--- Supplied data ---
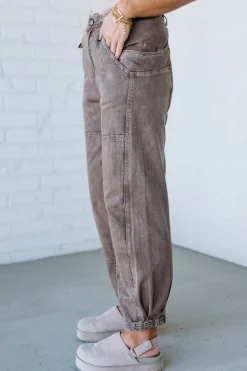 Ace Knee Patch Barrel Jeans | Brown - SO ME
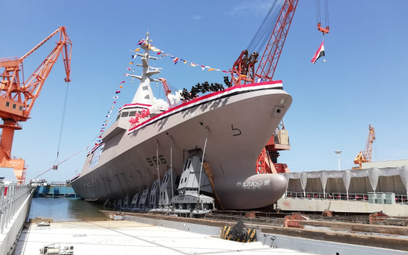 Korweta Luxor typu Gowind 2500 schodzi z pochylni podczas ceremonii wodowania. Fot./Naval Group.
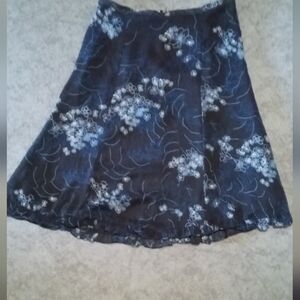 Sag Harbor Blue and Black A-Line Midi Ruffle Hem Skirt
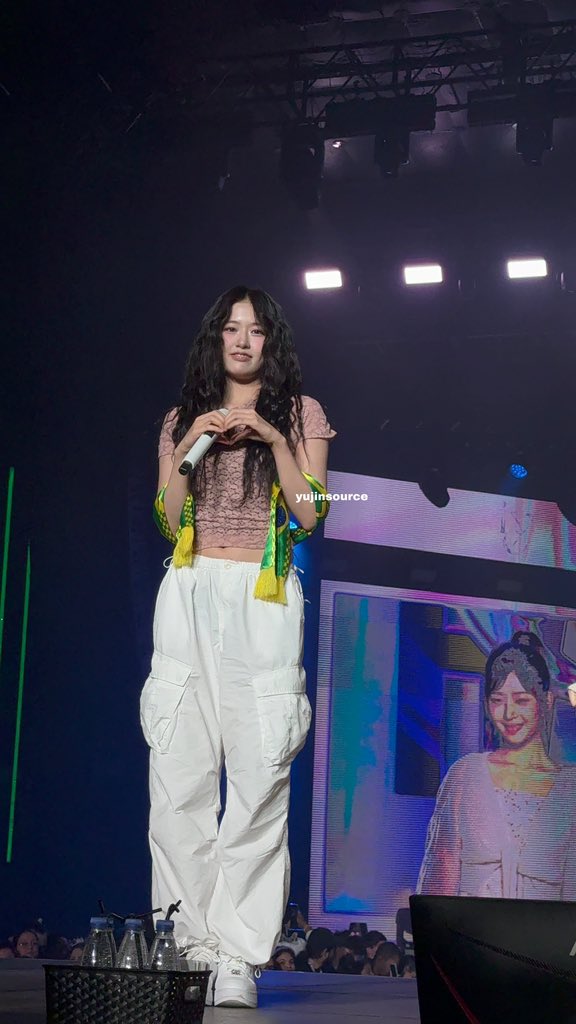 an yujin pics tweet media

--- Exercise ---
Look for the line that contains "Sag Harbor Blue", then please copy it and the rest of the lines through the end of the data, pictures excluded.

--- Response ---
 Sag Harbor Blue and Black A-Line Midi Ruffle Hem Skirt
 an yujin pics tweet media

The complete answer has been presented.